Elezioni politiche e presidenziali entro febbraio 2018, riforma della costituzione e revisione parlamentare dell’accordo politico promosso dall’Onu e fautore della nascita del Gna. Se ne dovrebbe occupare una commissione congiunta di 15 membri per ogni parlamento, quello di Tripoli e quello di Tobruk.

Tutto sembrava saltato martedì sera: al-Sarraj aveva atteso invano Haftar per due ore all’hotel Nile Carlton nella capitale egiziana. Secondo i media locali, il generale si è rifiutato di incontrare il primo ministro (di cui non riconosce la carica) perché la sua proposta di pacificazione passava per l’assoggettamento dell’esercito al potere politico.

Inaccettabile per Haftar che, se nominato capo delle forze armate nazionali, vuole mano libera: «Il pieno controllo dell’esercito e della sicurezza in Libia», scrive l’agenzia libica Libya al-Khabar.

Il rifiuto si fonda su una convinzione: il generale sente di trovarsi in una posizione di forza, grazie al sostegno dell’Egitto e a quello della Russia che avrebbe acconsentito ad inviare armi (nonostante l’embargo) in cambio di una base militare a Bengasi. Ma Mosca in questi giorni non si esprime, forse intenzionata a ritagliarsi un ruolo in stile siriano: mediatrice e non incendiaria.

Secondo quanto riportato da Agenzia Nova, altro punto di rottura è stato il mancato allontanamento da parte di al-Sarraj delle Brigate di difesa di Bengasi, gruppo islamista con tendenze qaediste che con Haftar si è ampiamente scontrato prima di rifugiarsi a Sirte, dove ha preso parte marginalmente all’operazione contro l’Isis sotto l’egida del Gna.

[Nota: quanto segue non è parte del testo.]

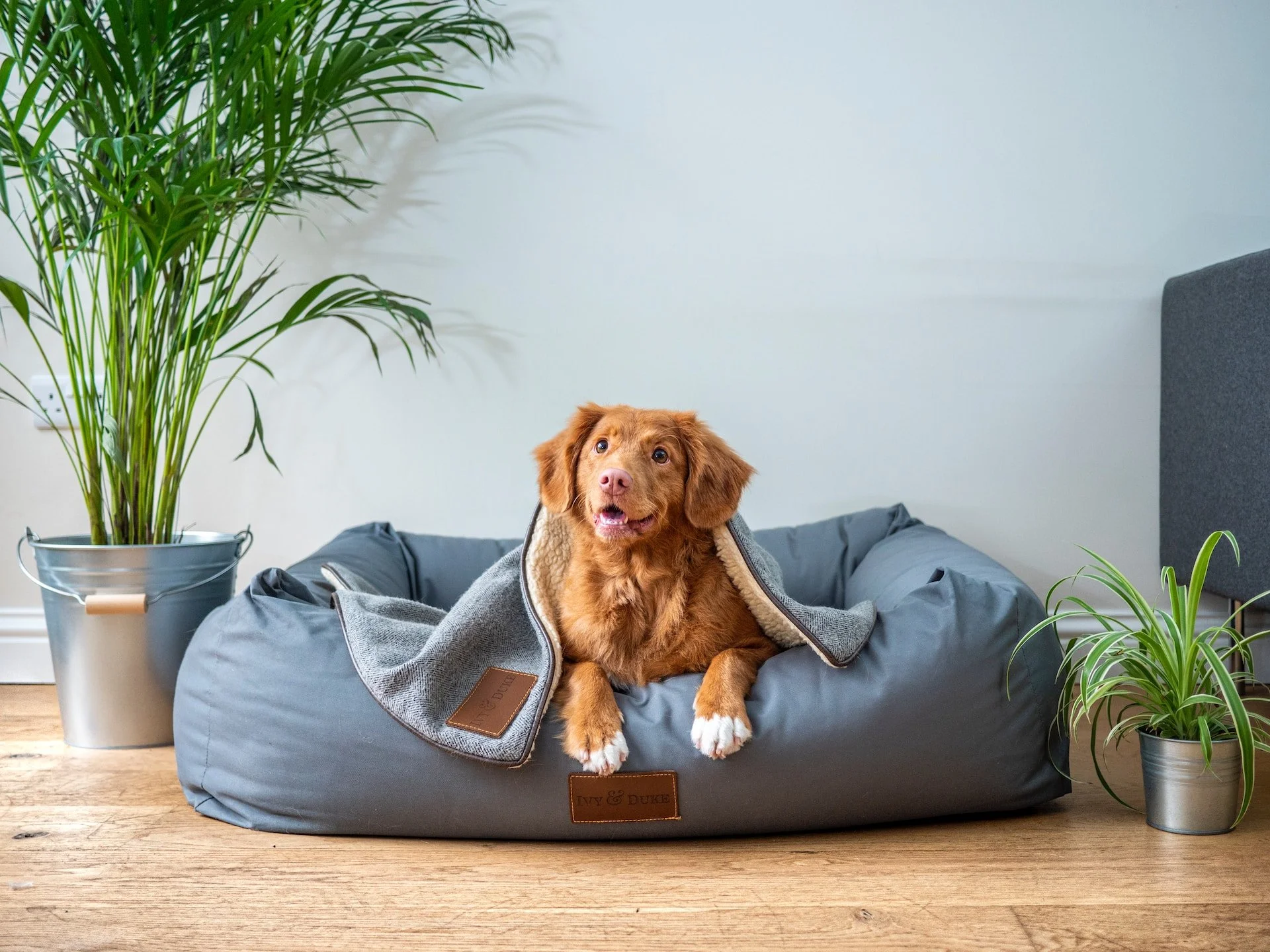 best dog beds for dogs with arthritis ultimate comfort 1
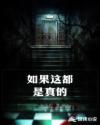我的美mu教师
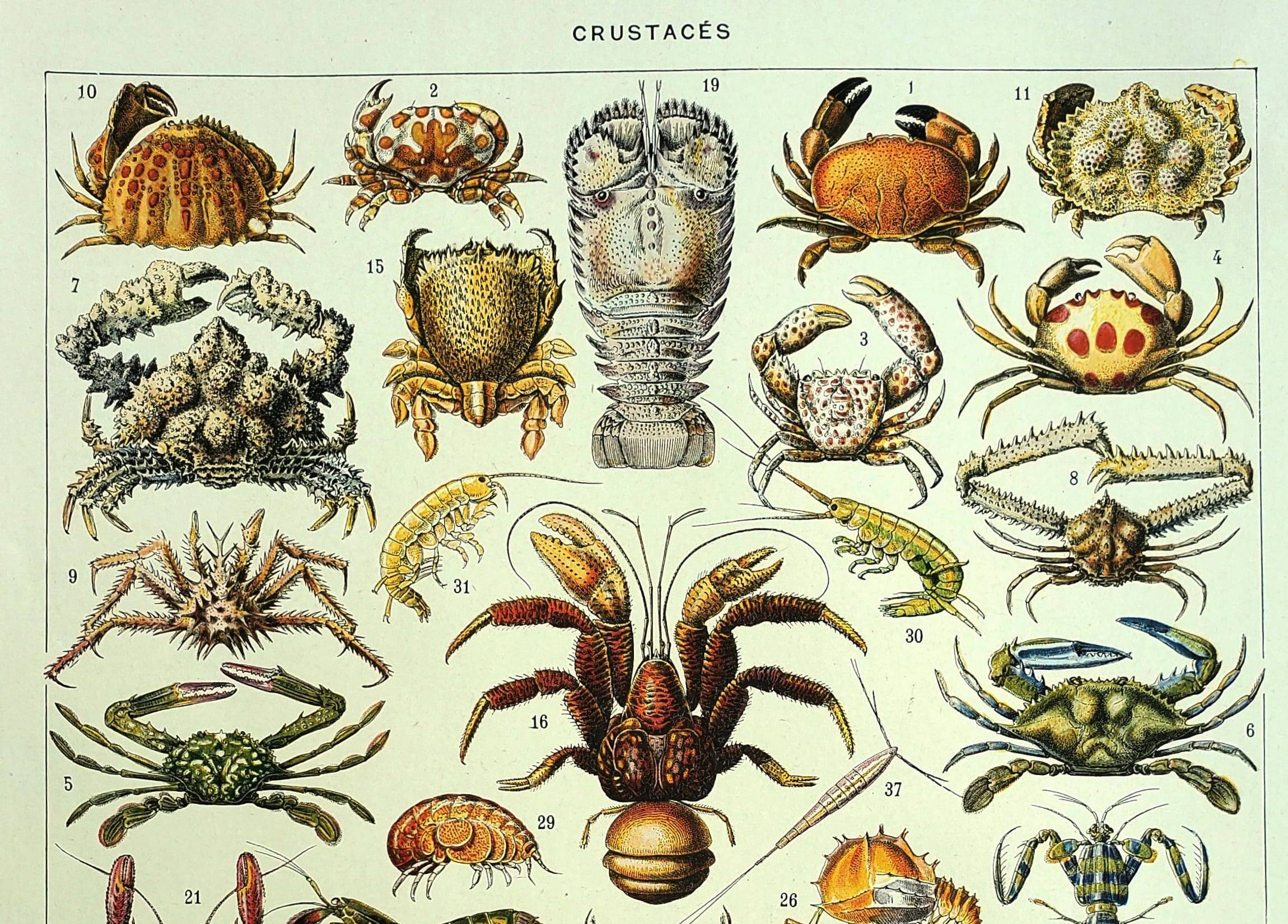 Old engraving 1928 - Crustaceans by A. Millot. Plate sea, beach, ocean.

Meno di una settimana fa le Brigate di Bengasi avevano rivendicato l’abbattimento di un elicottero di Operazione Dignità, lanciata tre anni fa dal generale. E ieri l’autoproclamato Esercito nazionale libico, guidato da Haftar, ha risposto lanciando un duro attacco aereo a sud di Sirte contro una base della milizia islamista.

Fratture cicliche che l’Egitto prova in tutti modi a ricucire per giungere ad una pacificazione di base e al lancio di un processo politico in cui Il Cairo abbia piena voce in capitolo.

Onu e Europa per ora non si esprimono, ma nel recente passato hanno guardato con favore al coinvolgimento di Haftar nel Gna, consapevoli di non poterne più fare a meno vista l’estrema debolezza di al-Sarraj, la sua incapacità a controllare l’intero paese e a racimolare un minimo di consenso popolare.

Dietro le quinte restano pedine importanti, come Khalifa Ghwell e le Brigate di Misurata, che pretenderanno di rivestire un ruolo nel futuro del paese.